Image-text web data
*** Begin section ***

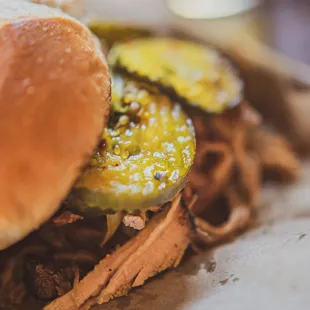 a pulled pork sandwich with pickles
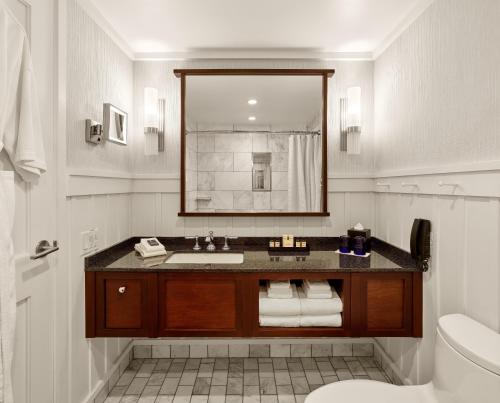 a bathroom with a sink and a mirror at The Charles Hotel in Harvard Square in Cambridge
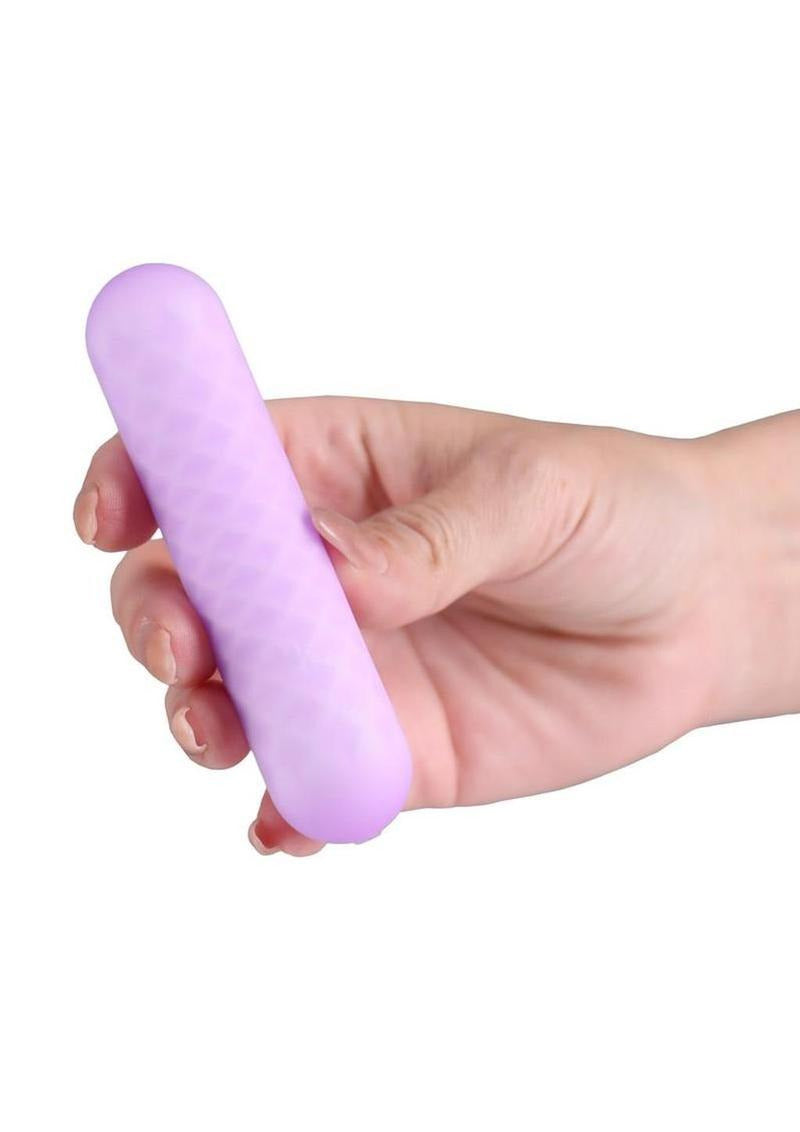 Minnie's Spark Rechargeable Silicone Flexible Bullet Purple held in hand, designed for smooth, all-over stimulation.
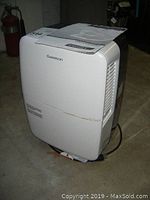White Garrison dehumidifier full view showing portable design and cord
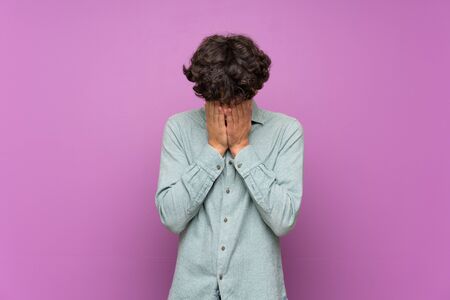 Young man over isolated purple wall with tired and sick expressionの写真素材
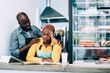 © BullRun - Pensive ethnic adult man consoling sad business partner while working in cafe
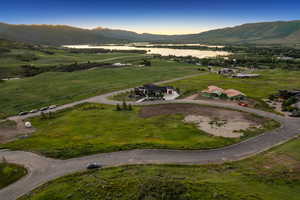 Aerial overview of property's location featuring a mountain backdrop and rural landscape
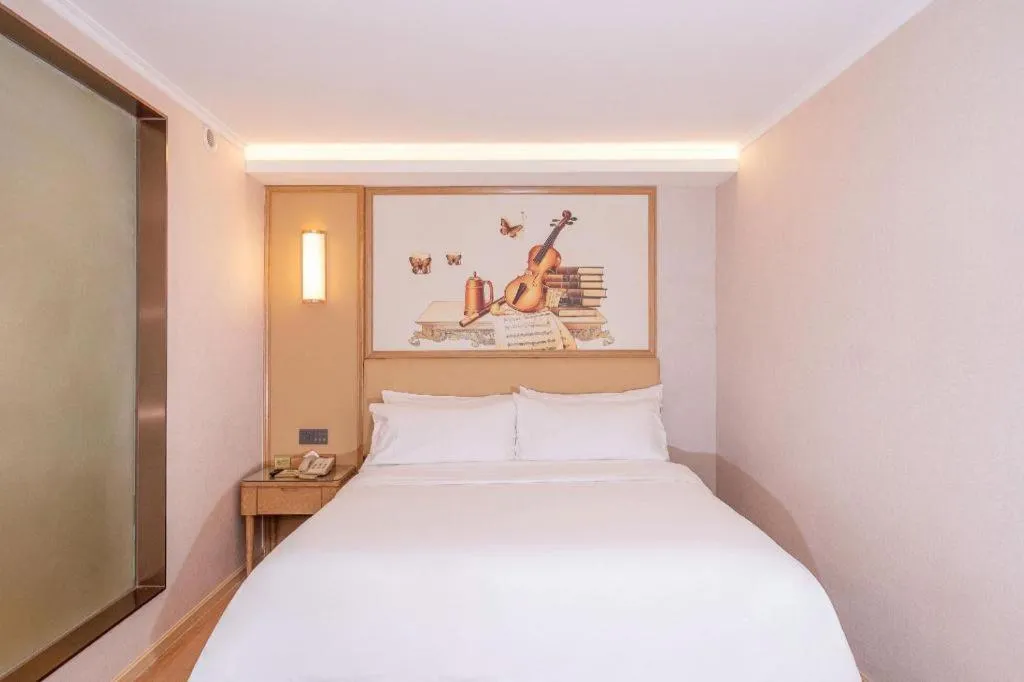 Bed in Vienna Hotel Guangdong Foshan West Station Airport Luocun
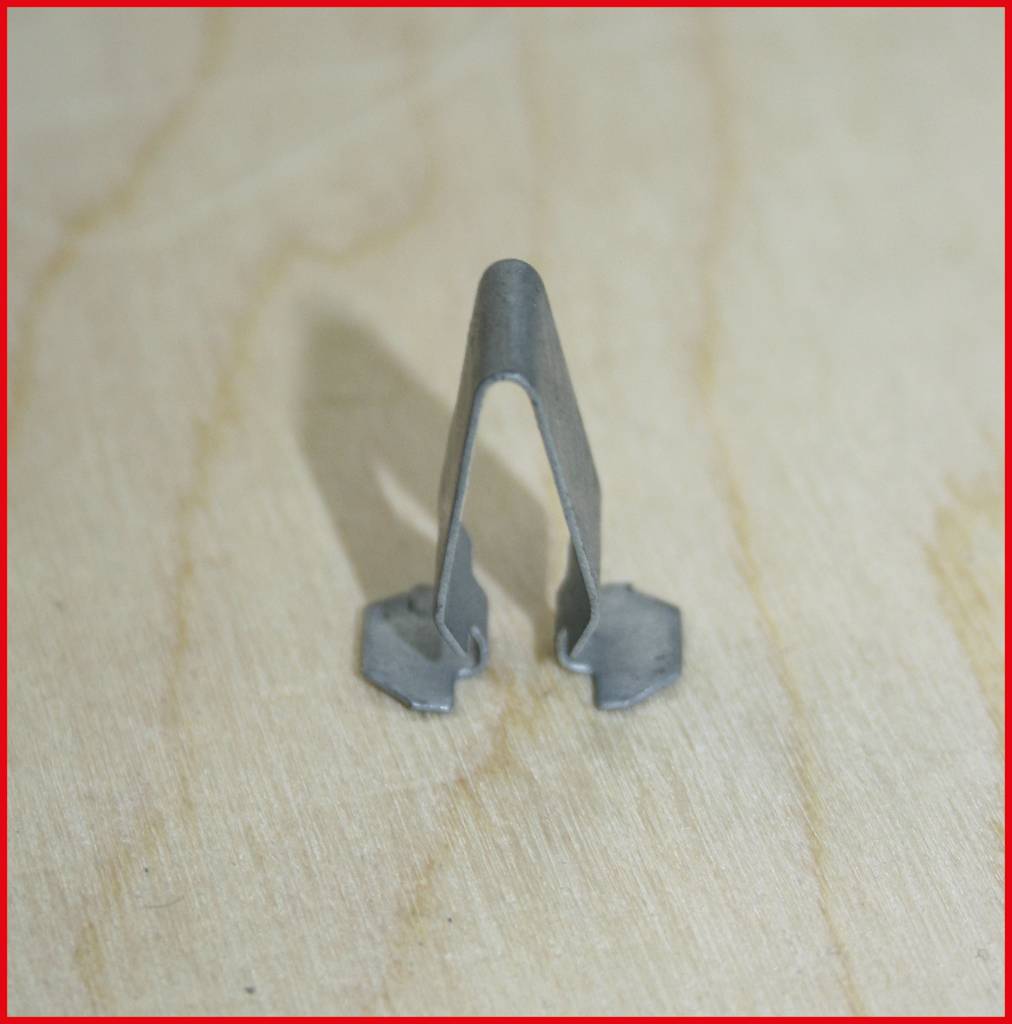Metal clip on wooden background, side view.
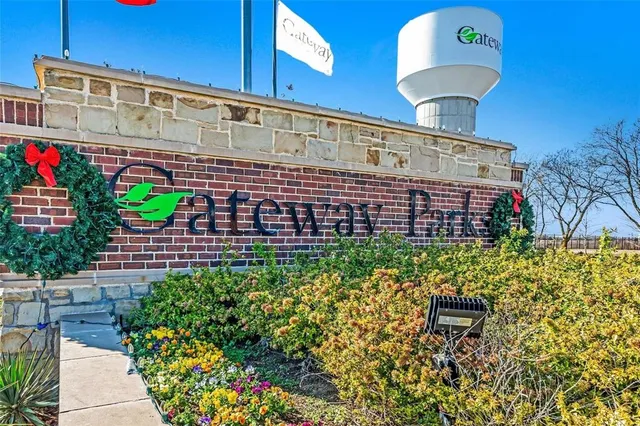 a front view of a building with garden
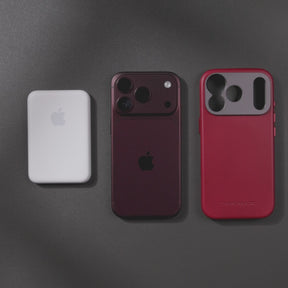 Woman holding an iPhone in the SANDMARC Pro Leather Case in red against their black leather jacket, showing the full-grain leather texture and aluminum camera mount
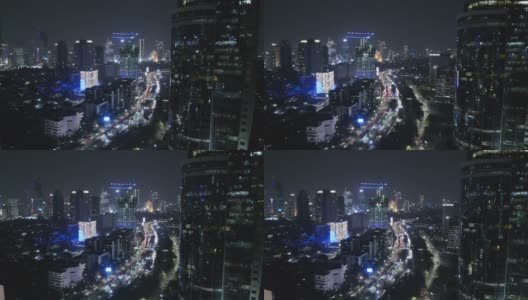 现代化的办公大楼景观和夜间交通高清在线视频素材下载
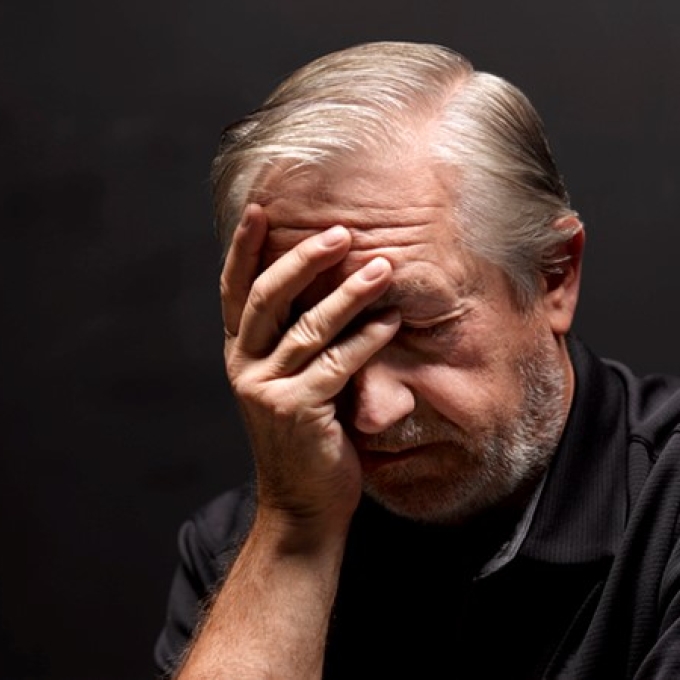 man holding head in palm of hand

*** End section ***

The answer must be an exact transcription of the lines from the one containing "Bed in Vienna" through the last line of the records above, both included, with no pictures.

• [Solution for this exercise]:
 Bed in Vienna Hotel Guangdong Foshan West Station Airport Luocun
Metal clip on wooden background, side view.
 a front view of a building with garden
 Woman holding an iPhone in the SANDMARC Pro Leather Case in red against their black leather jacket, showing the full-grain leather texture and aluminum camera mount
 现代化的办公大楼景观和夜间交通高清在线视频素材下载
 man holding head in palm of hand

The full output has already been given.